The following is a Java function example that uses information about its context.

import org.apache.pulsar.functions.api.Context;
import org.apache.pulsar.functions.api.Function;
import org.slf4j.Logger;

public class ContextAwareFunction implements Function<String, Void> {
    @Override
    public Void process(String input, Context, context) {
        Logger LOG = context.getLogger();
        String functionTenant = context.getTenant();
        String functionNamespace = context.getNamespace();
        String functionName = context.getFunctionName();
        LOG.info("Function tenant/namespace/name: {}/{}/{}", functionTenant, functionNamespace, functionName);
        return null;
    }
}

Python

The following is a Python function example that uses information about its context.

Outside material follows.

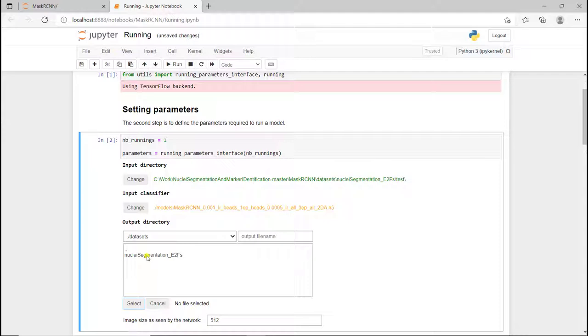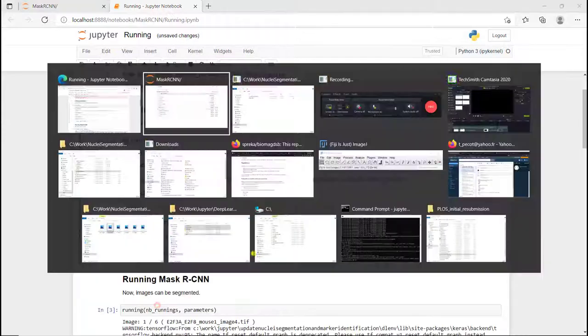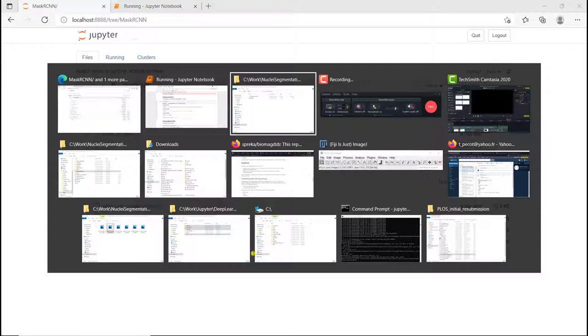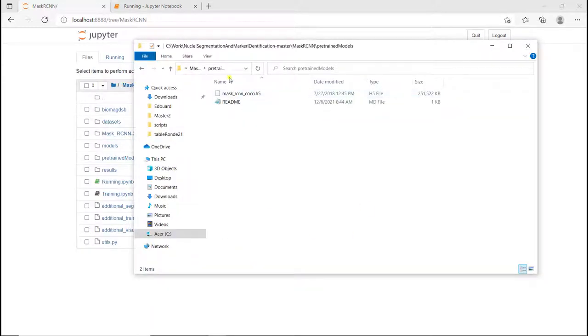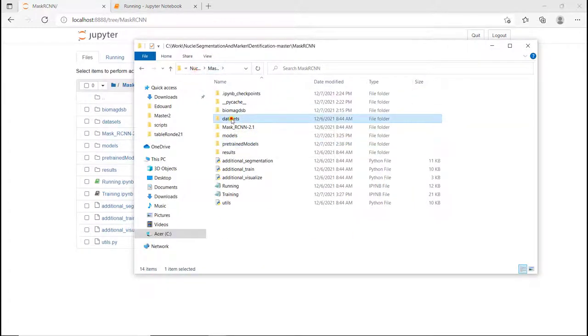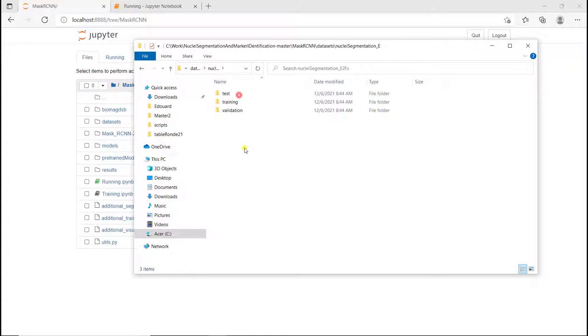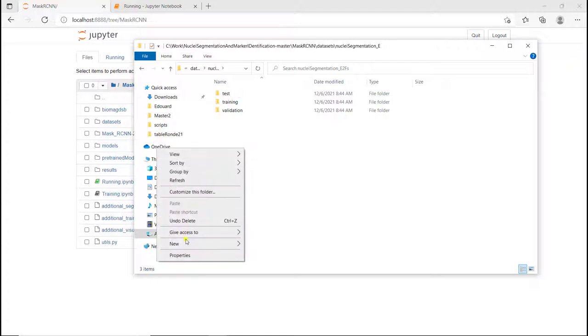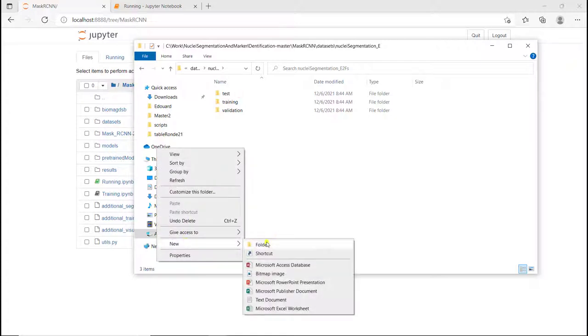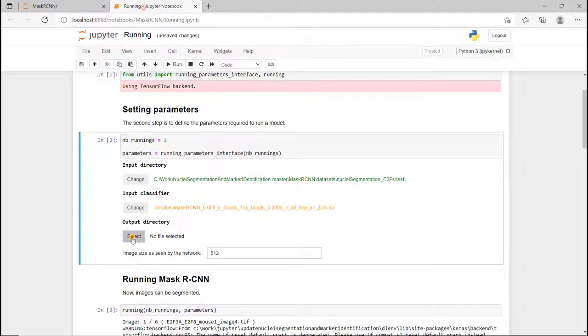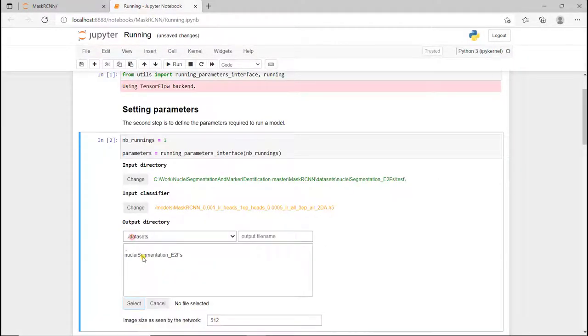And the output model. I didn't really define any folder. So I'm going to go back here to datasets in the nuclear segmentation. I'm going to create a new folder that I'm going to call results. And if I go back here, I'm going to define the output directory as results.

from pulsar import Function

class ContextAwareFunction(Function):
    def process(self, input, context):
        log = context.get_logger()
        function_tenant = context.get_function_tenant()
        function_namespace = context.get_function_namespace()
        function_name = context.get_function_name()
        log.info("Function tenant/namespace/name: {0}/{1}/{2}".format(function_tenant, function_namespace, function_name))

Go

The following is a Go function example that uses information about its context.

import (
	"context"
	"fmt"

    "github.com/apache/pulsar/pulsar-function-go/log"
	"github.com/apache/pulsar/pulsar-function-go/pf"
)

func contextFunc(ctx context.Context) {
	if fc, ok := pf.FromContext(ctx); ok {
		tenant := fc.GetFuncTenant()
		namespace := fc.GetFuncNamespace()
		name := fc.GetFuncName()
		log.Info("Function tenant/namespace/name: %s/%s/%s\n", tenant, namespace, name)
	}
}

func main() {
	pf.Start(contextFunc)
}

Deployment

Pulsar Functions support a variety of deployment options. You can deploy a Pulsar Function in the following ways.

Deployment mode	Description
Local run mode	The function runs in your local environment, for example, on your laptop.
Cluster mode	The function runs inside of your Pulsar cluster, on the same machines as your Pulsar brokers.

Local run mode

If you run a Pulsar Function in the local run mode, you run it on the machine where you run commands(for example, your laptop, an AWS EC2 instance). The following example is about the localrun command.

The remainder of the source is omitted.